At 17:07 06.04.00, you wrote:
>In this foray into software raid I created two new devices. /dev/md0 was
>created to hold / and /dev/md1 is for /boot. I created both with the
>"failed-disk" option with one immediatly following the other. Then I
>copied my whole system over to the new devices. I left it in failed mode,
>fixed /etc/fstab and /etc/lilo.conf, ran lilo (worked fine this time with
>a failed disk in the array), and rebooted.
The "mkraid in failed mode" bug and the "raid handling of remove/add/fail
disk" problem cancel each other out in this state.

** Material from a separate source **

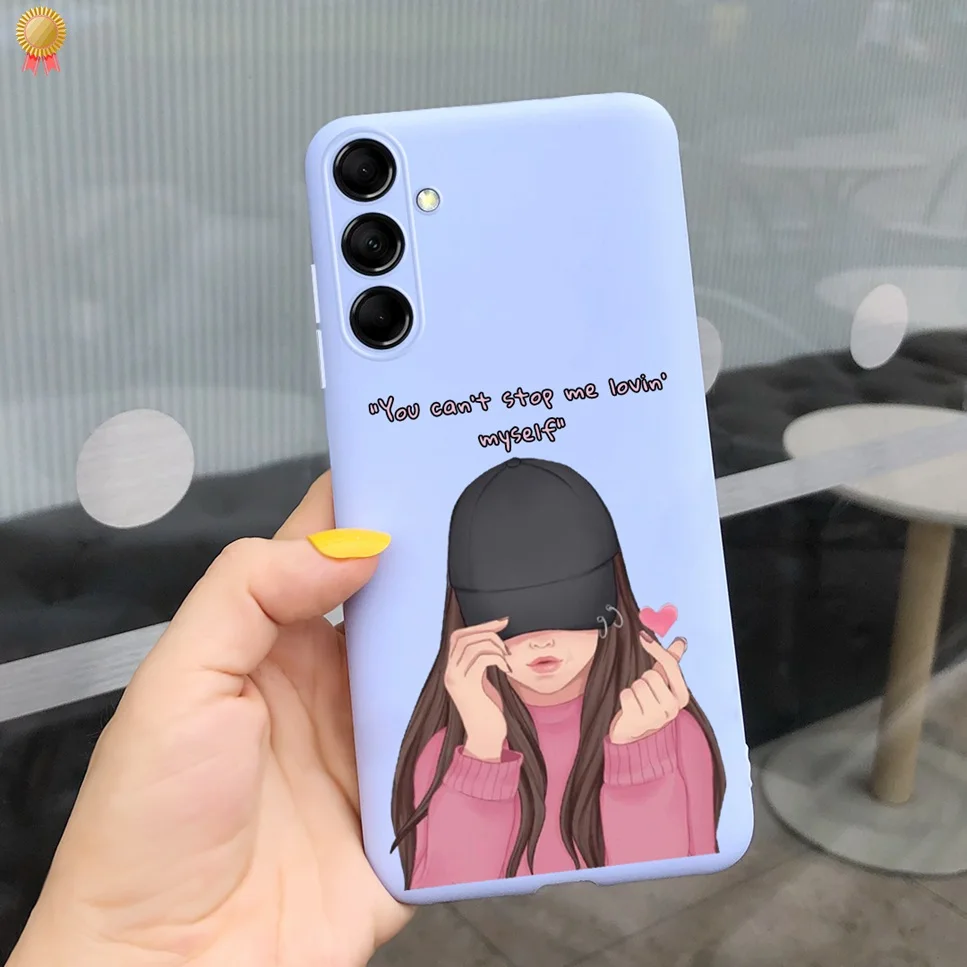 For Samsung F54 5G Cases Cute Cartoon Shockproof Black Pink Silicone For Samsung Galaxy F54 F54 5G Phone Case Bumper Funda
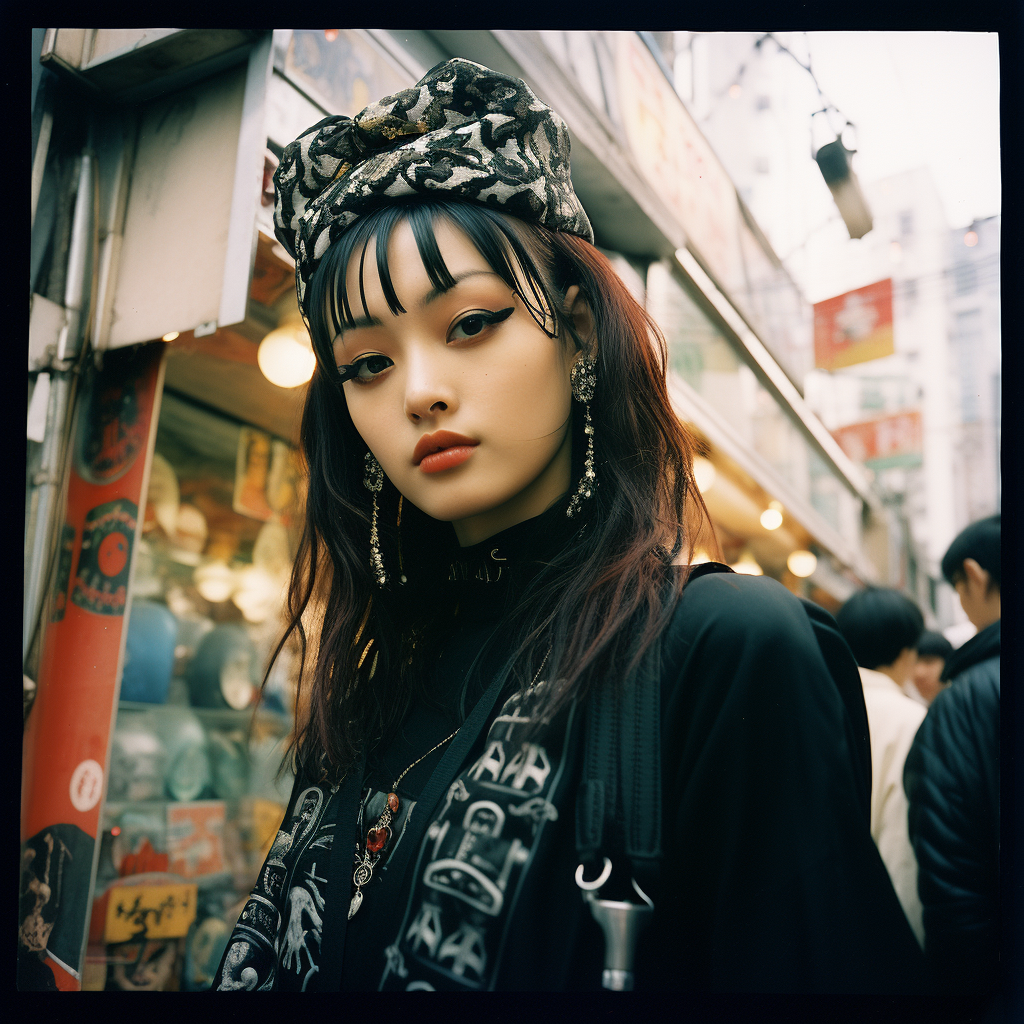 Fashionable Tokyo street photography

mkraid in failed modes sets the number of disks 1 too high; normal raid
code in degraded mode sets it 1 too low; -> create degraded & array in
degraded mode gives the correct number of disks. only when you hotadd the
original disk do you get a bad count.
>When the system came up on the
>raid devices properly I fixed up the partitions on the "failed" drive and
>did raidhotadd for both, it resync and I left it running. It was under
>this "step" that a day later I tried to run lilo (now with both drives in
>normal raid functioning) and it failed. So I guess perhaps that is the
>source of the problem unless I'm misunderstanding you? It didn't occur to
>me that anything would be different before and after raidhotadding
>(especially after messages on this list saying it worked fine).
It does work fine. the only place where you'll ever see the error is with
external programs trying to work on the unterlying physical devices of a
raid array; the only known program where the problem surfaces is lilo.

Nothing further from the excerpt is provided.